Input records Start Marker

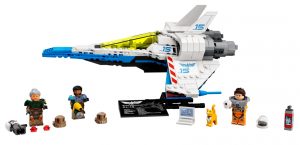 LEGO de nave espacial XL-15 de Lightyear de LEGO Disney 76832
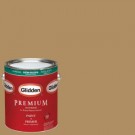 Glidden Premium 1 gal. #HDGY39U Tradition Gold Semi-Gloss Interior Paint with Primer - HDGY39UP-01S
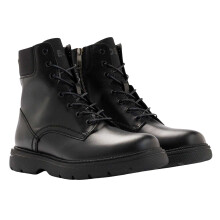 Boss Mens Jacob Leather Ankle Boots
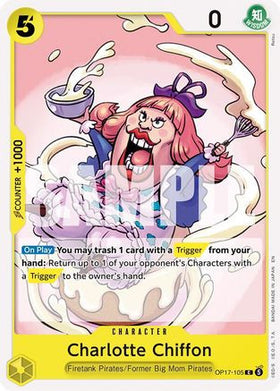 Charlotte Chiffon (OP17-105) The World's Strongest Warriors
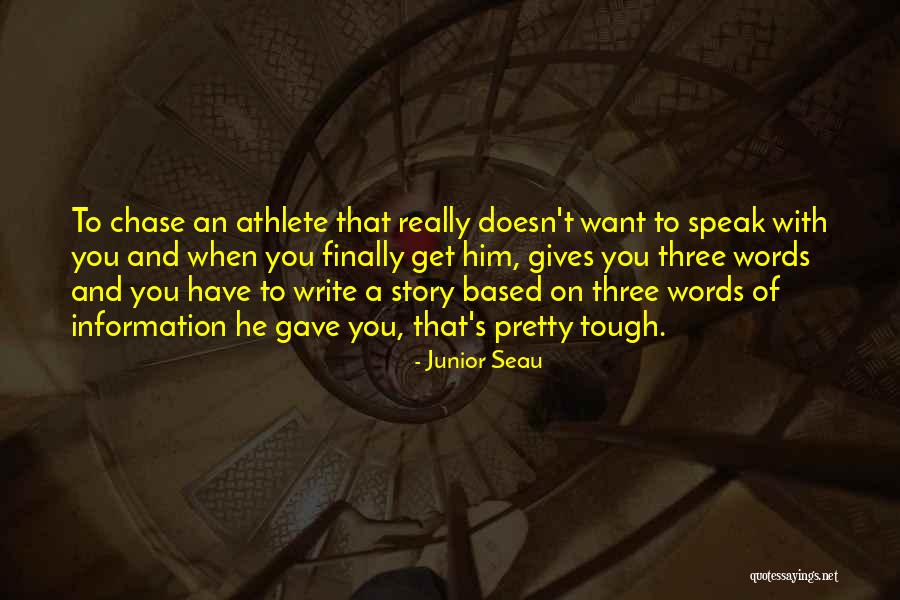 Ponjarn Video Quotes By Junior Seau Ponjarn Video Quotes By Junior Seau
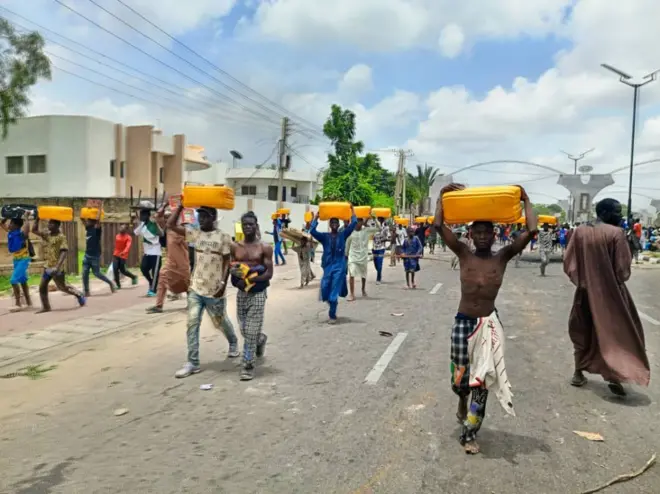 Àwọn olùwọ́de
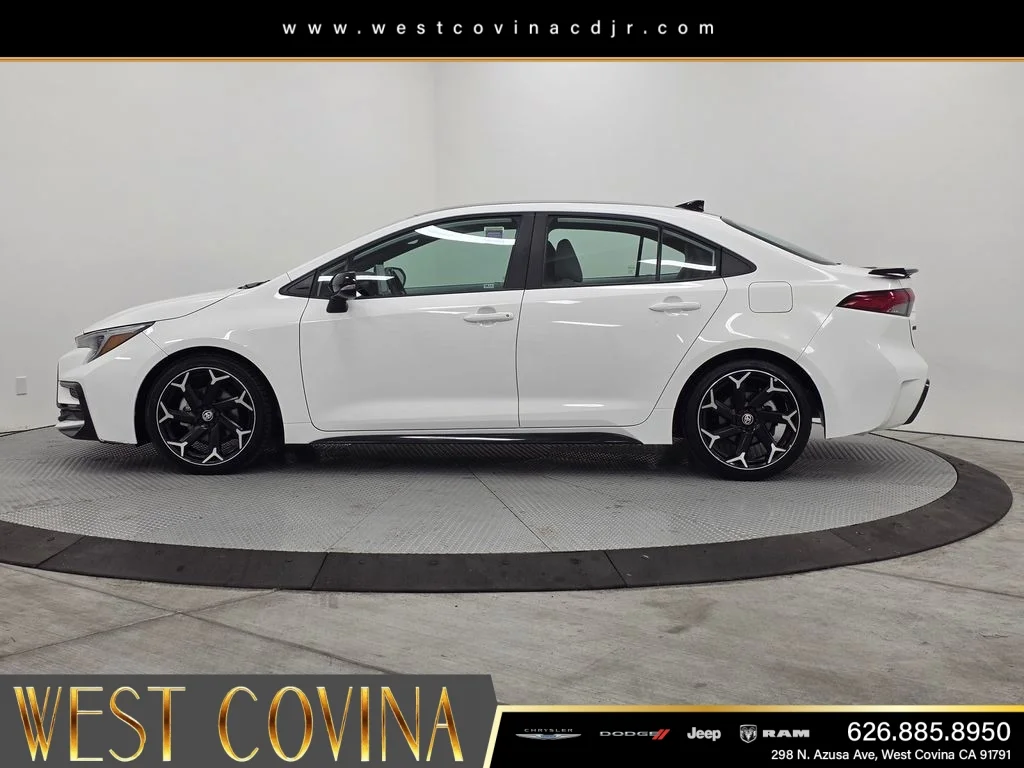 Used 2025 White Toyota FX image 4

Input records End Marker

From the line containing "Glidden Premium 1" down to the final line of the records above, restate every line word for word, add nothing, and skip the pictures.

> _Response area_:
 Glidden Premium 1 gal. #HDGY39U Tradition Gold Semi-Gloss Interior Paint with Primer - HDGY39UP-01S
 Boss Mens Jacob Leather Ankle Boots
 Charlotte Chiffon (OP17-105) The World's Strongest Warriors
 Ponjarn Video Quotes By Junior Seau Ponjarn Video Quotes By Junior Seau
 Àwọn olùwọ́de
 Used 2025 White Toyota FX image 4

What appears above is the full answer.